They didn’t find any weapons.

But in the flooded basement, soldiers DID find thousands of materials connected to Iraq’s once-thriving Jewish community.

The collection was both comprehensive and random. Everything from religious artifacts – Haggadahs for the Passover Seder, prayer books, various sections of the Torah – to photos, letters and government records dating back to the years of British colonial rule.

All of this material, some of it hundreds of years old, was nearly ruined for posterity by the floodwaters.

The US-led Coalition Provisional Authority contacted the National Archives in Washington for help in cleaning and preserving the artifacts.

The interim Iraqi government soon signed on to the project, with the caveat that once everything was restored, that it all be returned to Baghdad.

And so the Archives obtained three million dollars in funding from the State Department and private sources, hired a team of preservation experts, and got to work.

Help from someone who was there

Maurice Shohet – the descendant of a Chief Rabbi – was born and raised in Baghdad.

He was shocked to learn the government had spied on him and other children – the evidence in the form of classroom registers listing him and his childhood friends.

Iraqi Jews suffered increased harassment and persecution in the late 1960’s, especially after the Six Day War.

Shohet said that drove his family to pay smugglers to get them out in 1970. It was a big risk, but eventually his family made it to the United States, and Shohet became a leading figure in a group that represents a community now scattered around the globe.

His group, the World Organization of Jews from Iraq, picked him to consult with the preservation team as it started its work.

Much of the restoration work is complete – mold remediation, pages repaired, bindings re-sewn.
24 of the artifacts were recently displayed at the National Archives in Washington.

They will soon be put on display at the Museum of Jewish Heritage in New York.
Afterwards, the materials will be returned to Baghdad – something the US agreed to do back in 2003.

But that bothers Shohet. He and others in the Iraqi Jewish Diaspora say they’d like to see the agreement between Iraq and the US renegotiated, this time, with the community at the table.

Shohet told us, “What came to be known as the Iraqi Jewish Archive were confiscated from the Iraqi Jewish community… accordingly, it’s the patrimony of our community, so we believe it has to be returned to our community here in the United States.”

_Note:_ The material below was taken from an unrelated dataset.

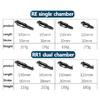 EXA Formato A5 165MM 125mm 150mm 190mm RR1 Re Cámara de Aire Amortiguador Trasero Para Bicicletas de Montaña Amortiguador MTB Ajustable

A State Department spokesman told AL Jazeera, the US government understands Shohet’s concerns.

“The United States remains committed to returning the collection to Iraq in accordance with the 2003 agreement but we also understand the sensitivities surrounding these items and, in that regard, we are open to any discussion the Government of Iraq is willing to have on the future disposition of the collection,” the spokesman said.

He also said the State Department has reached out to the Iraqi Embassy to possibly extend the loan to the US so that all interested parties can view the relics.

For now the cultural heritage of a community 2500 years old will live online – for the entire world to see.

But that isn’t the same as a community possessing and caring for the very proof of its existence across centuries.

Shohet hopes that might yet come to pass.